Già diverso è il ruolo del correttore automatico presente di default nella messaggistica su telefono, il quale prevede la parola digitata tanto da suggerire autonomamente quale sia il prossimo termine da utilizzare all’interno della frase. Nello scopo di ridurre il tempo di scrittura, lo strumento si sostituisce parzialmente all’input umano.
La diffusione dei Large Language Models permette in compenso di sostituire quasi integralmente il ruolo dello scrittore nella creazione di messaggi complessi. Applicazioni come Grammarly, uno strumento di revisione basato su modelli generativi, è capace di rielaborare un testo e proporre suggerimenti complessi al fine di renderlo più corente, leggibile, più adatto a un determinato tipo di contesto. Lo stesso discorso è valido per ChatGPT, che fra i primi utilizzi en masse è stato adottato da studenti di tutto il mondo occidentale per scrivere al posto loro testi scolastici.
Nonostante numerosi articoli discutano di come tali tecnologie abbiano un effetto benefico sulle capacità di scrittura dei ragazzi, non si può che considerare la questione dell’avere uno strumento capace di sostituirsi nella (quasi) totalità al lavoro di scrittura sia, per lo meno, discutibile. La scrittura ha valore esternamente alla produzione del testo stesso, e dovrebbe nel suo esercizio garantire un’autonomia di pensiero e ragionamento. Non solo: il fatto che sistemi come Grammarly siano freemium, ovvero permettano di essere usati pienamente solo attraverso un pagamento mensile, dovrebbe invitarci al considerare come il supporto tecnologico alle nostre capacità di comunicazione non dovrebbe essere ristretto a un pubblico pagante.
Scrittura digitale: ricchezza (e) impoverimento del linguaggio
Per tirare le somme di questa breve analisi di situazioni che richiederebbero ciascuna un saggio per essere osservate nel dettaglio, l’italiano di oggi è una lingua infinitamente più varia di come non fosse anche solo vent’anni fa. L’impianto digitale ha aggiunto una quantità quasi infinita di accezioni e di modi linguistici differenti, si è integrata alla tecnologia, ha ibridato l’italiano con altre lingue, con immagini e GIF, si è arricchita di tematiche squisitamente provenienti dal mondo digitale.
Nella varietà di ciò si è andata a perdere, forse, la profondità.

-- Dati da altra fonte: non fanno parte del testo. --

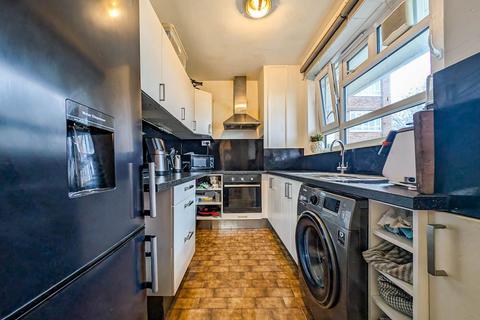 2 bedroom flat for sale, Fernwood, Albert Drive, Southfields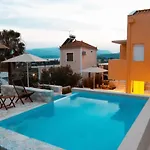 Dimani & Residences 3*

Trattandosi di medium dal consumo veloce e subitaneo, il contenuto proposto online è caraterizzato da una mentalità di voracità e digestibilità. Regna online l’aforisma, la poesia breve e brevissima, la divulgazione in pillole, l’articolo giornalistico di cinquecento parole e dai periodi incisivi e corti.
Il mondo digitale è un mondo fatto di distrazione, dove fra le regole regnanti vi è quella di una retorica che deve fare di tutto per catturare l’attenzione dell’utente: se un link non apre una pagina in meno di cinque secondi, sarà chiusa. Se un saggio parte con un’introduzione troppo lunga, sarà abbandonato. La presenza di contenuti su contenuti ostacola la concentrazione su un singolo oggetto.
Ci troviamo allora davanti a un nuovo italiano colorato e variegatissimo, ma indisposto a dare e darsi tempo. Il rischio è di avere una comunicazione della vastità dell’oceano e della profondità di una pozzanghera, capace di abbracciare tematiche sociali importanti e allo stesso tempo di non dare la disponibilità di rifletterci sopra, di presentarle nella maniera complessa che un argomento complesso, in sé, merita.